After wandering arid, sunbaked deserts the pair are picked up by a mysterious paramilitary group who keep them prisoner in a kind of bunker where they eventually meet a gun crazed teen who just wants to kill, a middle-aged man who gets his kicks through the penetrative act of stabbing, and a wise old gangster who knows what it is to carry the weight of a weapon of death. Meanwhile, once a vengeful guy with a TV turns up, they become aware of a crisis in the outside world involving a rampaging foreigner loose with a rifle on a random shooting spree.

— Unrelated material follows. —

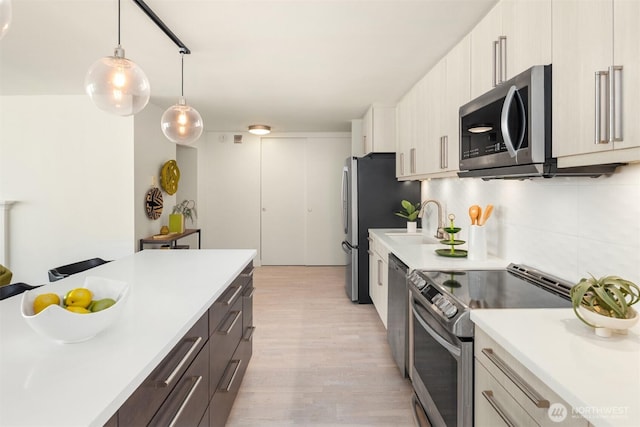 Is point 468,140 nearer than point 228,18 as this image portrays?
Yes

Guns and knives are persistent obsessions. These men are obsessed with phallic objects but indifferent to their phalluses. Nejiko pleads with each of them to satisfy her sexual frustrations but none of them is interested. Her need is for pleasure and relief, seemingly free of social or cultural taboos and born of naturally given freedom. The male urge is, by contrast, destructive – they chase death and violence without pretence or justification. When questioned, one of the bunker henchmen retorts that the situation outside is not war but only killing. All there is is violence without cause or explanation, existing solely because of male destructive impulses.

The situation outside is eerie in the extreme. This is a Japan of silence and emptiness where monks chant on the motorway and shadows people the landscape. Nejiko and Otoko find themselves frequently trying to fit in to human shapes cut into the Earth, finding them far too big or in someway constraining. Yet they also become these shadow figures, birthing new shades of themselves to leave behind as they shed evermore aspects of their essential selves. What caused this situation is not revealed, but everyone seems to be carrying on as normal. There is a crazed killer on the loose and the police have asked civilians to remain in their homes but civilians have ignored them for the most characteristic reasons for uncharacteristic insubordination – they all went to work.

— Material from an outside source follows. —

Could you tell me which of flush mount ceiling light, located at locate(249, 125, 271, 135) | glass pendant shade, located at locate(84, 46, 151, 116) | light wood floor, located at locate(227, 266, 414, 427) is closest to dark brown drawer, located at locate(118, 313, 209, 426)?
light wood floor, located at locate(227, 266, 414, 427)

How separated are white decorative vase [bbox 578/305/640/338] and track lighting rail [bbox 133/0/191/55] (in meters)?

Eventually Nejiko manages to convince some of the men to make love to her, but she remains unsatisfied. Likewise, the teenage “gang member” who wandered into the bunker looking for a gun gets one and succeeds in an act of random killing but discovers that it was not “exciting” after all. Desire is misplaced or its satisfaction unattainable. In this world of pure nihilism there is no pleasure and no relief, no need can be met and no peace brokered. All there is is senseless violence, devoid of meaning or purpose and born of nothing more than a desperation to quell a need which can never be fulfilled.

Death and Eros approach the same end – the “double suicide” of the title though even this is essentially passive and desperate. Youth wanders blindly towards its inevitable conclusion, lacking the will or the strength to fight back. There is no self, there is no higher purpose. All there is is a great expanse of emptiness peopled by shadows, fading slowly from a world gradually falling apart.